─── Data ───

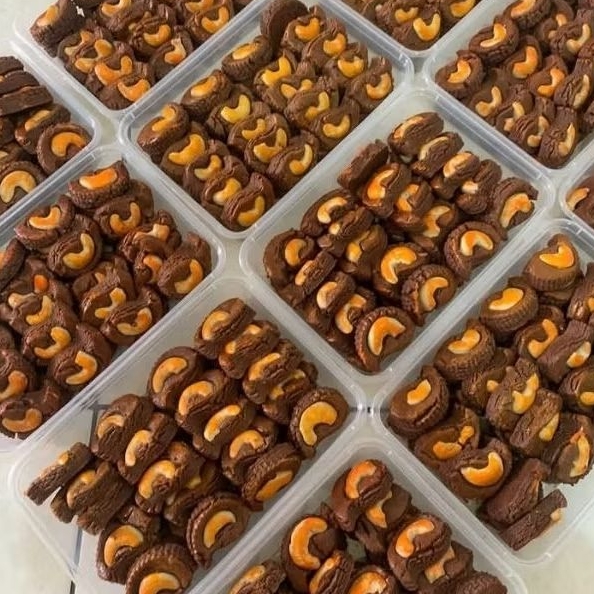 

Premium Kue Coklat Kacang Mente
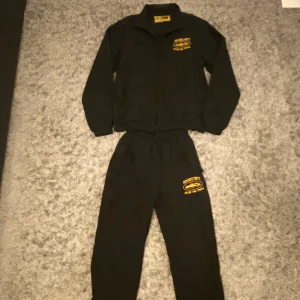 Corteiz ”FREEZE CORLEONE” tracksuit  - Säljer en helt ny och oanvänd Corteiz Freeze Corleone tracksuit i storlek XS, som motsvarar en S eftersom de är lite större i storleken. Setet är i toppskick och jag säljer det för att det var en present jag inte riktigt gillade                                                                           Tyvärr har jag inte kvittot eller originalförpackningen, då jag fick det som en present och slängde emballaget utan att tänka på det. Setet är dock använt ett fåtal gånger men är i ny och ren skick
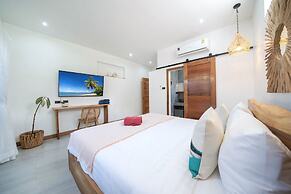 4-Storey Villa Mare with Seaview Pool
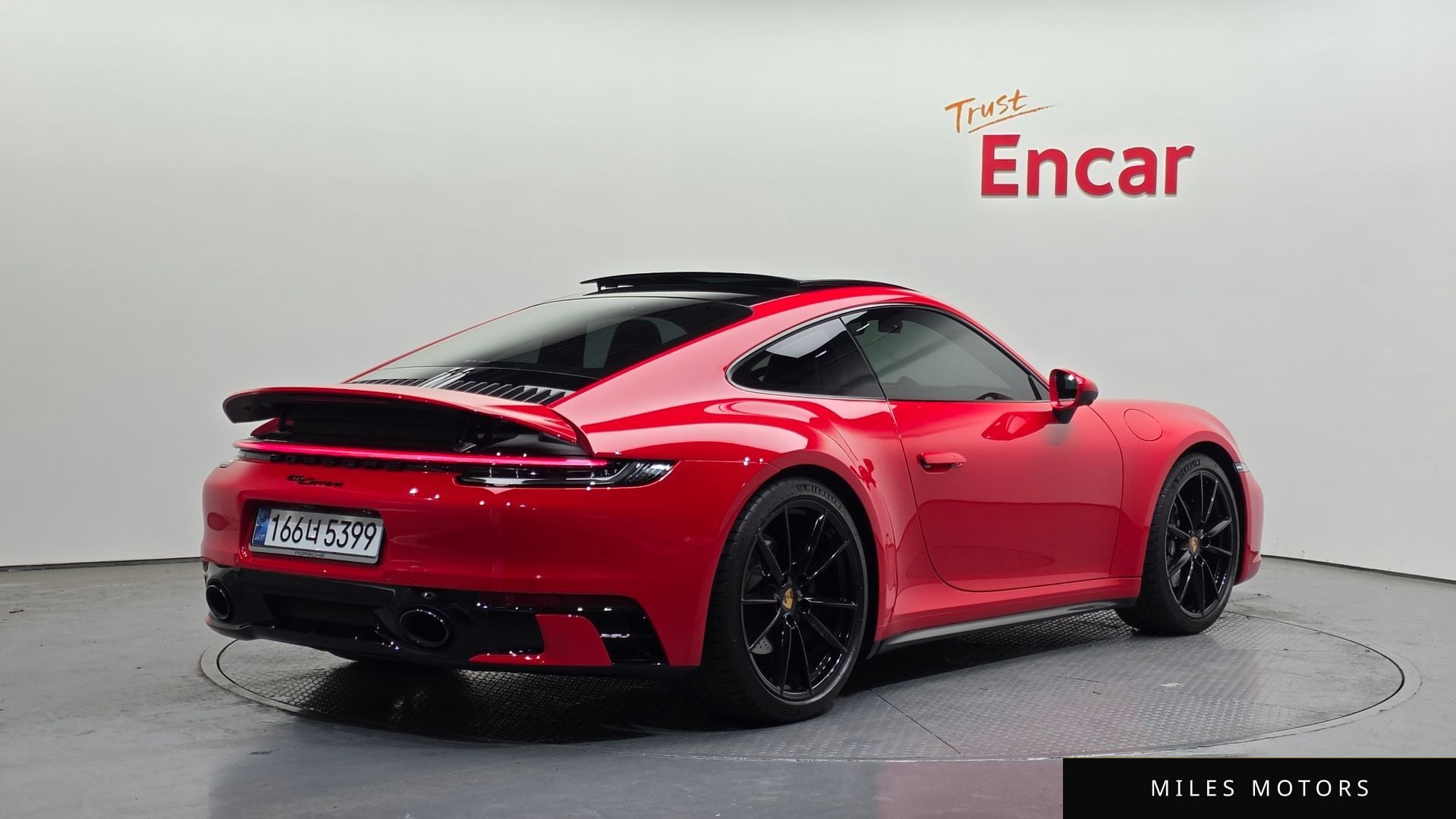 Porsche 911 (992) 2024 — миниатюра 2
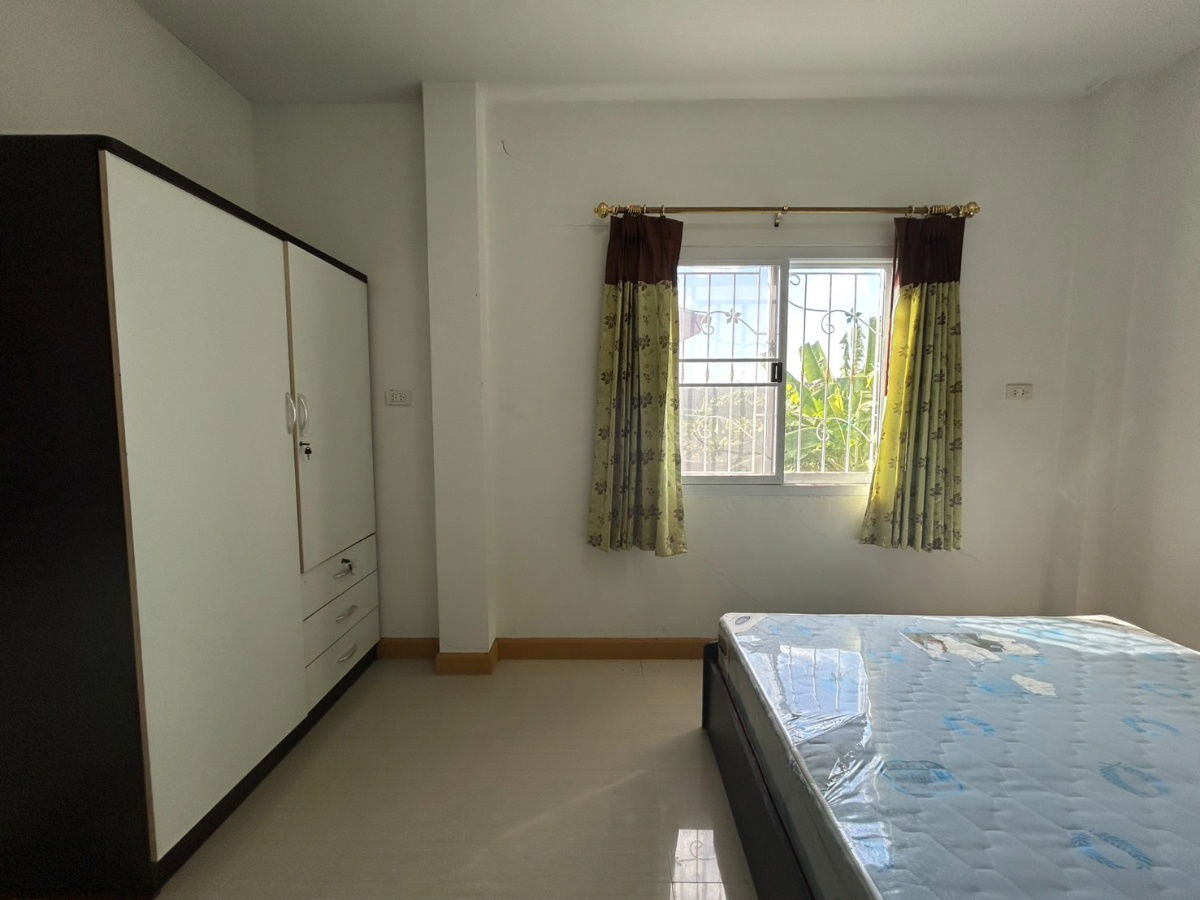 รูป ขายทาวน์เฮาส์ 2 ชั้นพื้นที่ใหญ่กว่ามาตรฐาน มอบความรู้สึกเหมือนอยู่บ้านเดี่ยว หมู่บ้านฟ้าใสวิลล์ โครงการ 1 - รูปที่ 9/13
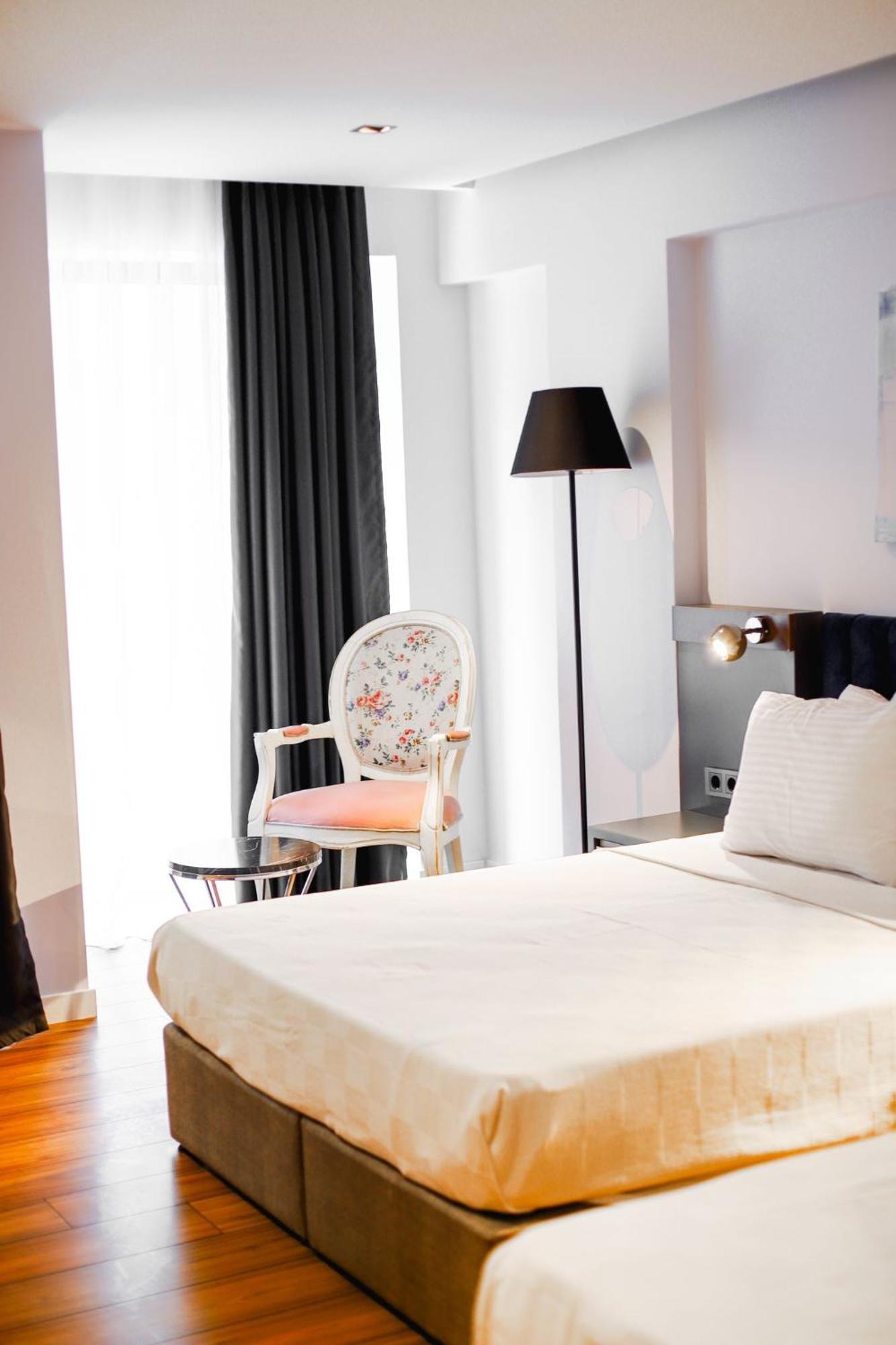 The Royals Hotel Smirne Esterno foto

───

- What you have to do
Without the pictures, repeat the listing word for word.

- Solution
Premium Kue Coklat Kacang Mente
 Corteiz ”FREEZE CORLEONE” tracksuit  - Säljer en helt ny och oanvänd Corteiz Freeze Corleone tracksuit i storlek XS, som motsvarar en S eftersom de är lite större i storleken. Setet är i toppskick och jag säljer det för att det var en present jag inte riktigt gillade                                                                           Tyvärr har jag inte kvittot eller originalförpackningen, då jag fick det som en present och slängde emballaget utan att tänka på det. Setet är dock använt ett fåtal gånger men är i ny och ren skick
 4-Storey Villa Mare with Seaview Pool
 Porsche 911 (992) 2024 — миниатюра 2
 รูป ขายทาวน์เฮาส์ 2 ชั้นพื้นที่ใหญ่กว่ามาตรฐาน มอบความรู้สึกเหมือนอยู่บ้านเดี่ยว หมู่บ้านฟ้าใสวิลล์ โครงการ 1 - รูปที่ 9/13
 The Royals Hotel Smirne Esterno foto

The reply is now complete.